* **EXERCISE DIRECTIONS**
For this exercise, please transcribe exactly and only the lines from the one containing "Moving into cut-off" through the end of the material, both ends included, without pictures.

· · · · ·

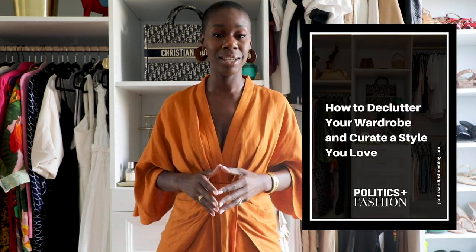Hey good people, it is Tashira of Politics and Fashion here today with a video about one of my favorite topics, and that is a capsule wardrobe. I'm going to teach y'all how to create a capsule wardrobe from start to finish. This video is for people who really want to focus on reducing clutter in their closets and to find a style that they love, with a focus on interchangeable pieces. Make sure you are following me over on Instagram, subscribe to my channel down below, and just keep watching.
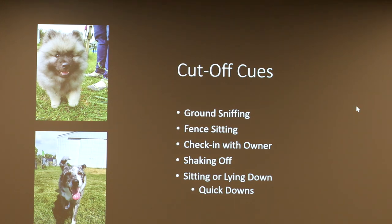Moving into cut-off cues — these are cues you'll see in dogs who are tired of playing and want to take a break. They'll be playing and then signal 'I want a break.' These can include ground sniffing, fence sitting, checking in with the owner or even coming to sit with the owner, doing a wet dog shake-off, sitting or lying down, quick downs, or going over to the water bowl. All of these are cut-off cues.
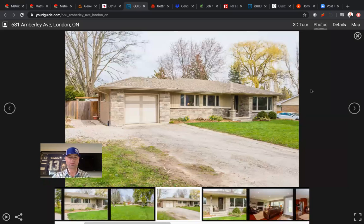Priced at $574,900, it will be hitting the market later today and ready for private showings. Feel free to call me with any questions — not a problem whatsoever. Again, it's 681 Amberley Avenue in London, Ontario. My name is Nathan Brooks, 519-495-9024.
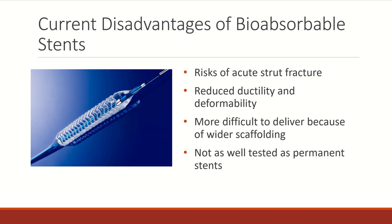These bioabsorbable stents are still fairly new, especially compared to metallic permanent stents. There are a few disadvantages of these stents because they are so new. Because of the nature of the absorbable material, they tend not to be as ductile as metallic stents. If they are inserted near a bend like a hip or a knee, they could overdeform to the point of fracture.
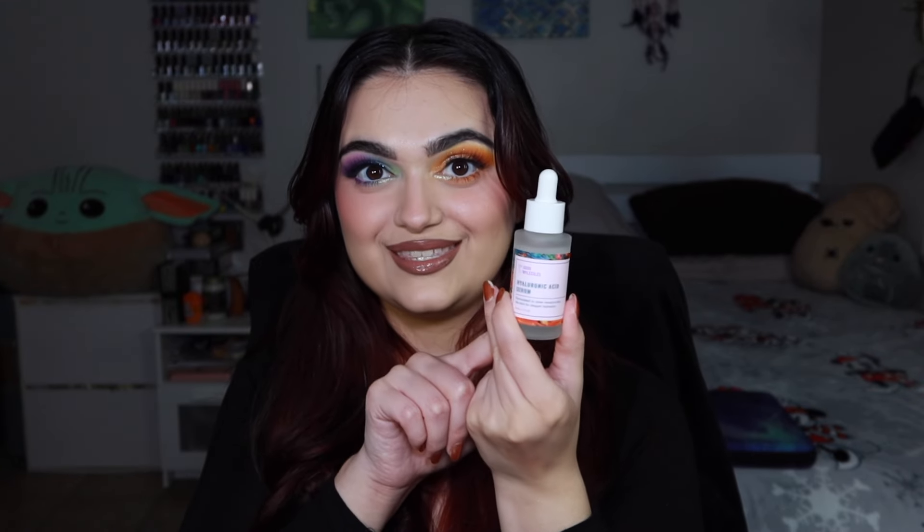It's a nice glass tube with a thick moisturizing serum, which I really like. I love hyaluronic acid but I find some serums to be hit or miss for me, so I have to test this out and see how I feel. But I'm so excited for the next product, which is from Bondi Boost.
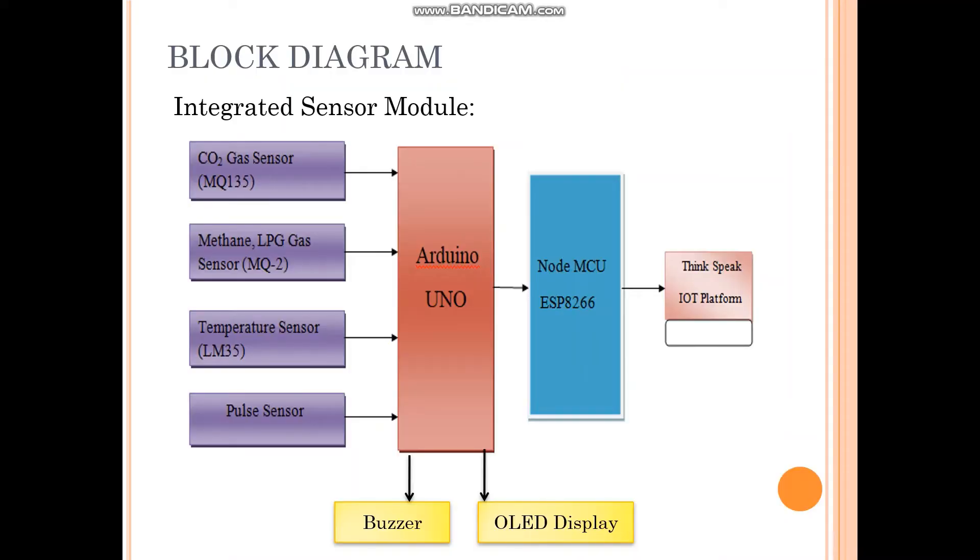In the block diagram, the integrated sensor module is designed with gas sensors like MQ135, MQ2, a temperature sensor, and a pulse sensor, which are installed in the Arduino in the helmet. The Arduino is also used to transfer all the data to the ThingSpeak IoT platform with the help of a Wi-Fi module. Output devices like a buzzer and OLED display are also fixed in the helmet.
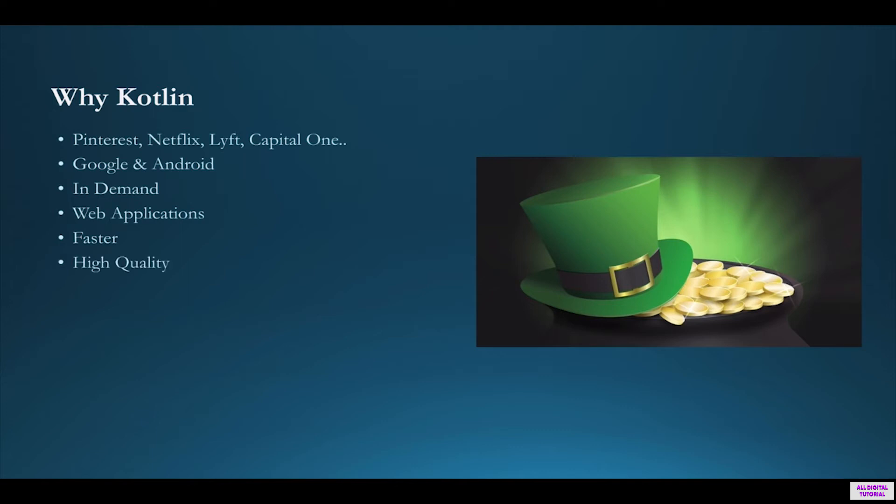With its amazing and unique features, the development time is reduced dramatically. Developing high-quality applications is necessary if you want to satisfy users and employers. With millions of applications live in the Play Store, your applications should stand out if you want to survive the competition. That's why Kotlin is the right choice for creating high-quality applications.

· · · · ·

* **SOLVED EXERCISE**
Moving into cut-off cues — these are cues you'll see in dogs who are tired of playing and want to take a break. They'll be playing and then signal 'I want a break.' These can include ground sniffing, fence sitting, checking in with the owner or even coming to sit with the owner, doing a wet dog shake-off, sitting or lying down, quick downs, or going over to the water bowl. All of these are cut-off cues.
Priced at $574,900, it will be hitting the market later today and ready for private showings. Feel free to call me with any questions — not a problem whatsoever. Again, it's 681 Amberley Avenue in London, Ontario. My name is Nathan Brooks, 519-495-9024.
These bioabsorbable stents are still fairly new, especially compared to metallic permanent stents. There are a few disadvantages of these stents because they are so new. Because of the nature of the absorbable material, they tend not to be as ductile as metallic stents. If they are inserted near a bend like a hip or a knee, they could overdeform to the point of fracture.
It's a nice glass tube with a thick moisturizing serum, which I really like. I love hyaluronic acid but I find some serums to be hit or miss for me, so I have to test this out and see how I feel. But I'm so excited for the next product, which is from Bondi Boost.
In the block diagram, the integrated sensor module is designed with gas sensors like MQ135, MQ2, a temperature sensor, and a pulse sensor, which are installed in the Arduino in the helmet. The Arduino is also used to transfer all the data to the ThingSpeak IoT platform with the help of a Wi-Fi module. Output devices like a buzzer and OLED display are also fixed in the helmet.
With its amazing and unique features, the development time is reduced dramatically. Developing high-quality applications is necessary if you want to satisfy users and employers. With millions of applications live in the Play Store, your applications should stand out if you want to survive the competition. That's why Kotlin is the right choice for creating high-quality applications.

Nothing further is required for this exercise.